2. (Zoologie) (bei den Mundgliedmaßen der Insekten) paariger Anhang der Unterlippe.
3. (Musik) (bei der Orgel, beim Harmonium, bei bestimmten Blasinstrumenten) dünnes, längliches Plättchen aus Metall, Schilfrohr o. Ä., das in einem Luftstrom schwingt und dadurch einen Ton erzeugt:
durchschlagende oder freie Zungen;
aufschlagende Zungen.
4. (bei bestimmten Waagen) Zeiger.
5. (Technik) länglicher, keilförmig sich verjüngender, beweglicher Teil einer Weiche.
6. (an Schnürschuhen) zungenförmiger mittlerer Teil des vorderen Oberleders, Obermaterials, über dem die seitlichen Teile durch den Schnürsenkel zusammengezogen werden; Lasche.
7. (Zoologie) zur Familie der Seezungen gehörender Plattfisch; Seezunge.
8. etwas, was in seiner Form an eine Zunge (1) erinnert:
die Blütenblätter mancher Pflanzen heißen Zungen;
der Gletscher läuft in einer langen Zunge aus;
Unter uns … Sümpfe … dazwischen Zungen von Land (Frisch, Homo 20);
Da seh ich durch die Zungen der Flammen … eine Gestalt stehen (Imog, Wurliblume 222).

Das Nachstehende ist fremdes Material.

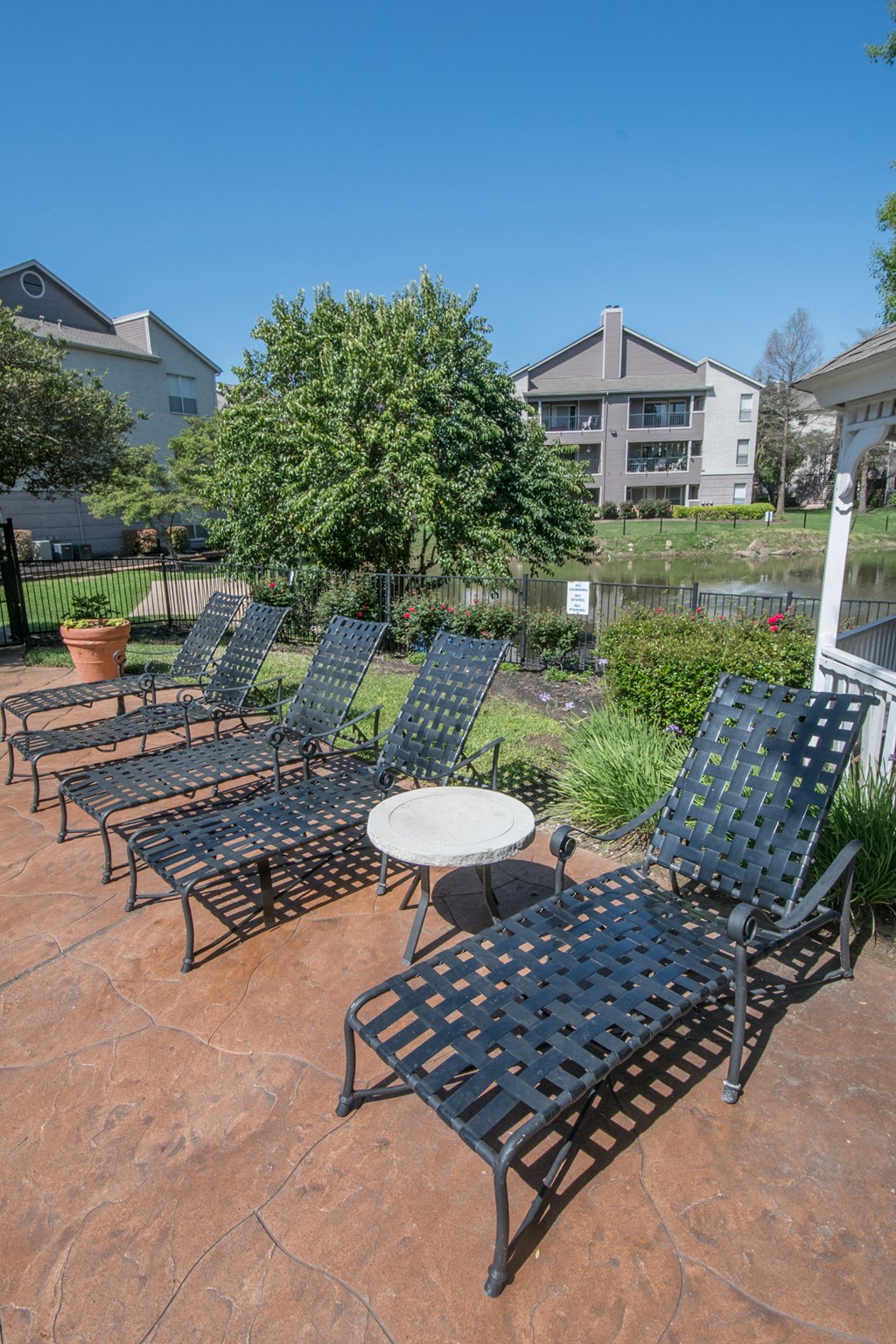 a patio with lounge chairs and a table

9. Fleisch von Zungen (1) (besonders vom Kalb oder Rind) als Gericht:
ein Stück gepökelte, geräucherte Zunge;
Zunge in Madeira.
10. (gehoben) Sprache:
so weit die deutsche Zunge klingt (überall, wo man Deutsch spricht);
… tritt er, verschiedener Zungen mächtig, gern als amüsante Plaudertasche vor sein Auditorium (Spiegel 42, 1983, 261);
Eggly … referiert als Kommissionsberichterstatter französischer Zunge (als Französisch sprechender Kommissionsberichterstatter; NZZ 21. 12. 86, 25);
in Zungen reden (gehoben, oft scherzhaft; sich [hastig, überstürzt, erregt, verwirrt o. ä. und daher] akustisch wie inhaltlich unverständlich äußern; mit diesem Ausdruck wird im Neuen Testament an verschiedenen Stellen das ekstatische Reden besonders in den Versammlungen der christlichen Urgemeinde bezeichnet: Markus 16, 17; Apostelgeschichte 2, 4; 10, 46; 19, 6; 1. Korinther 14, 2 ff.; im griechischen Urtext: glo̅̓ssais laleĩn: beruhige dich erst einmal, du redest in Zungen);
etwas mit tausend Zungen predigen (gehoben; auf etwas nachdrücklich hinweisen).